When applying for relief or protection from removal, an applicant has the burden of proof. INA § 240(c)(4)(A). In all applications for relief, the Court must first make a threshold determination of an applicant’s credibility. INA § 241(b)(3)(C); Matter of O-D-, 21 I&N Dec. 1079, 1081 (BIA 1998). Applications for relief made on or after May 11, 2005, are subject to the credibility assessment standards articulated in the REAL ID Act. Matter of S-B-, 24 I&N Dec. 42, 45 (BIA 2006).

In making a credibility determination, the Court considers the totality of the circumstances and all relevant factors. INA § 240(c)(4)(C); Matter of J-Y-C-, 24 I&N Dec. 260, 266 (BIA 2007). A credibility determination may be based on the applicant’s demeanor, candor, or responsiveness, and the inherent plausibility of his account. INA § 240(c)(4)(C). An applicant’s own testimony, without corroborating evidence, may be sufficient proof to support a fear-based application if that testimony is believable, consistent, and sufficiently detailed to provide a plausible and coherent account of the basis for his fear of persecution. 8 C.F.R. § 1208.13(a); Matter of Mogharrabi, 19 I&N Dec. 439, 445 (BIA 1987).
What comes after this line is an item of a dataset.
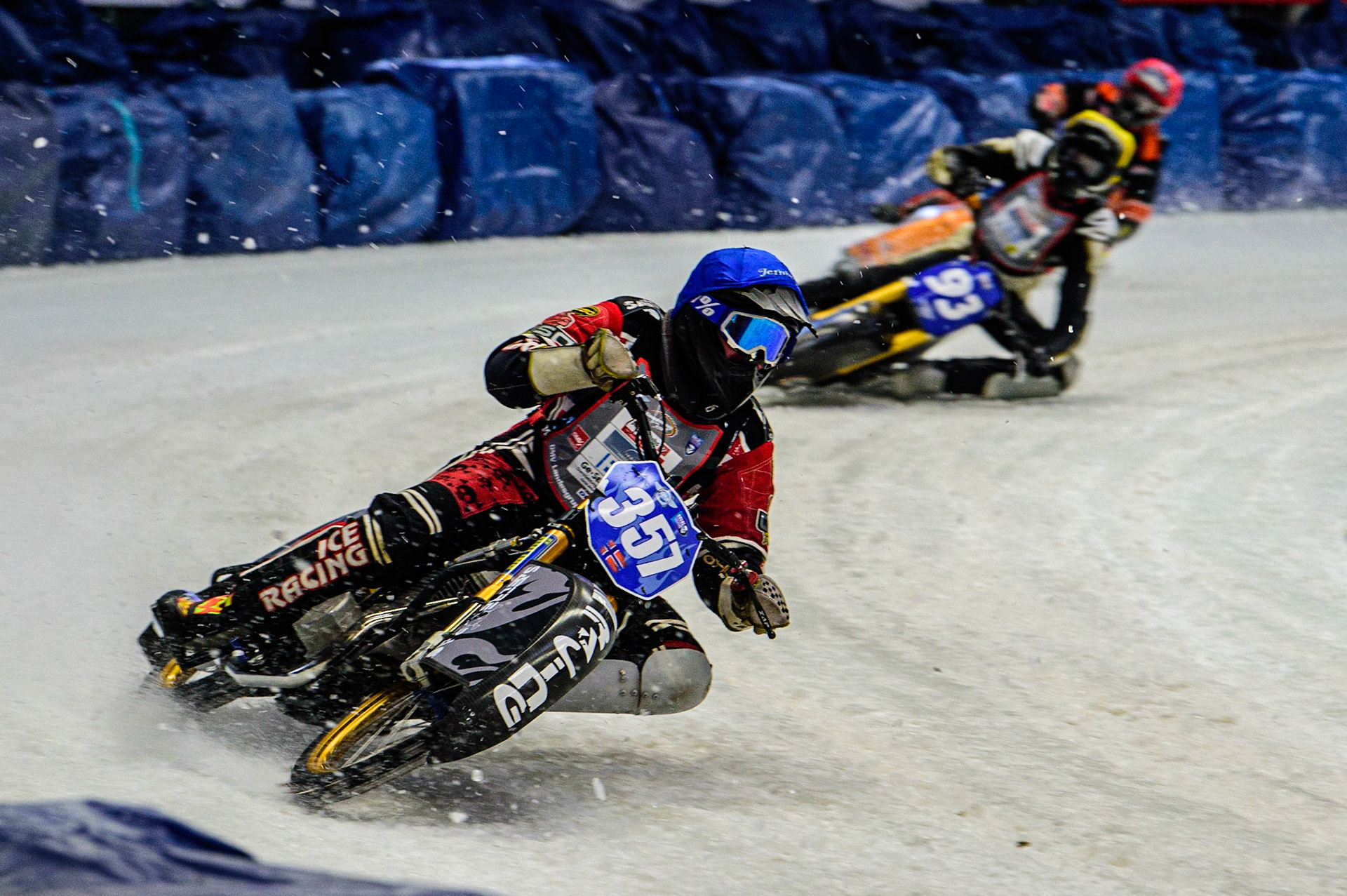 Jo Saetre (357) (Blue) leads Franz Mayerbüchler (93) (Yellow) and Sebastian Reitsma (283) (Red) during the Ice Speedway Gladiators World Championship Final 2 at Max-Aicher-Arena, Inzell, Germany on Sunday 19th March 2023. (Photo: Ian Charles | MI News)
However, “the weaker [a noncitizen’s] testimony, the greater the need for corroborative evidence.” Matter of Y-B-, 21 I&N Dec. 1136, 1139 (BIA 1998).

CASE LAW

Matter of H-C-R-C-, 28 I&N Dec. 809 (BIA 2024)
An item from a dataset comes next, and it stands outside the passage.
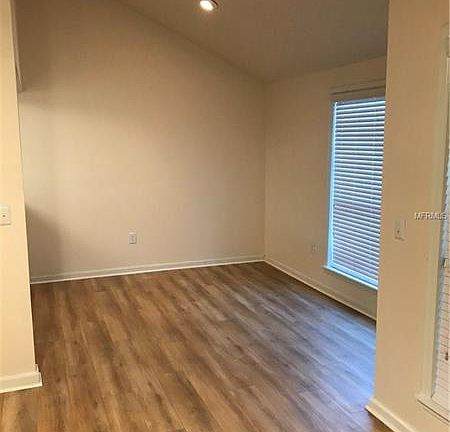 3rd image of 940 Douglas 169 Ave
(1) Applicants bear the burden of establishing their own credibility, and no statute or legal
precedent compels an Immigration Judge to conclude that an applicant’s testimony is
credible.

(2) Rape is sufficiently severe to constitute torture and can never be a lawful sanction
under the Convention Against Torture.

 

Matter of B-, 21 I&N Dec. 66 (BIA 1995)   
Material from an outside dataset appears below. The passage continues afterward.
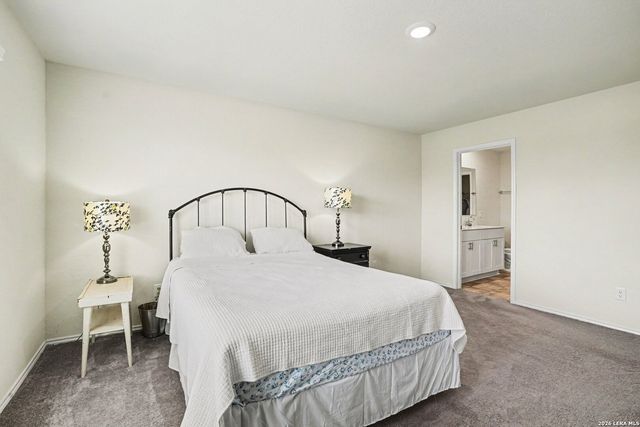 906 Crested Iris, New Braunfels, TX 78130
FULL DECISION                               BIA Declines to Adopt Adverse Cred Finding

Under the circumstances of this case, where an asylum applicant's testimony was plausible, detailed, internally consistent, consistent with the asylum application, and unembellished during the applicant's repeated relating of events in a probing cross-examination, the Board declines to adopt the Immigration Judge's adverse credibility finding.

 

In Matter of B-Y-, 25 I&N Dec. 236 (BIA 2010)              (PDF

(1) In making a frivolousness determination, an Immigration Judge may incorporate by reference any factual findings made in support of an adverse credibility finding, so long as the Immigration Judge makes explicit findings that the incredible aspects of the asylum application were material and were deliberately fabricated. Matter of Y-L-, 24 I&N Dec. 151 (BIA 2007), clarified.
(2) In considering an asylum applicant's explanations for inconsistencies or discrepancies, an Immigration Judge making a frivolousness determination must separately address the applicant's explanations in the context of how they may have a bearing on the materiality and deliberateness requirements unique to that determination. 
(3) When the required frivolousness warnings have been given to an asylum applicant prior to the merits hearing, the Immigration Judge is not required to afford additional warnings or to seek further explanation in regard to inconsistencies that have become obvious during the course of the hearing.

 

Inconsistencies

Respondent provided inconsistent and implausible testimony regarding various aspects of his alleged harm. Additionally, when given the opportunity to explain these inconsistencies and implausible testimony, Respondent failed to provide reasonable and plausible explanations. See INA § 240(c)(4)(C); Tewabe, 446 F.3d at 538. Respondent also failed to provide sufficient corroborative evidence to support his claims, particularly given the numerous inconsistencies in the record. See Matter of Y-B-, 21 I&N Dec. at 1139. See Kourouma v. Holder, 588 F.3d 234 (4th. Cir. 2009) (noting that “omissions and inconsistencies which go to the heart of an asylum seeker’s claim are greater cause for concern.”).

Fourth Circuit Case Law

Fourth Circuit Case Law on Credibility

 

When making an adverse credibility finding, the Court must provide “specific, cogent reason[s].” Figeroa v. INS, 886 F.2d 76, 78 (4th Cir. 1989). “Examples of specific and cogent reasons include inconsistent statements, contradictory evidence, and inherently improbable testimony.” Tewabe v. Gonzales, 446 F.3d 533, 538 (4th Cir. 2006). “The existence of only a few such inconsistencies, omissions, or contradictions can be sufficient for the agency to make an adverse credibility determination as to the applicant's entire testimony regarding past persecution.” Djadjou v. Holder, 662 F.3d 265, 273 (4th Cir. 2011); see also Camara v. Ashcroft, 378 F.3d 361, 369 (4th Cir. 2004) (upholding an immigration judge’s adverse credibility determination based on two inconsistencies).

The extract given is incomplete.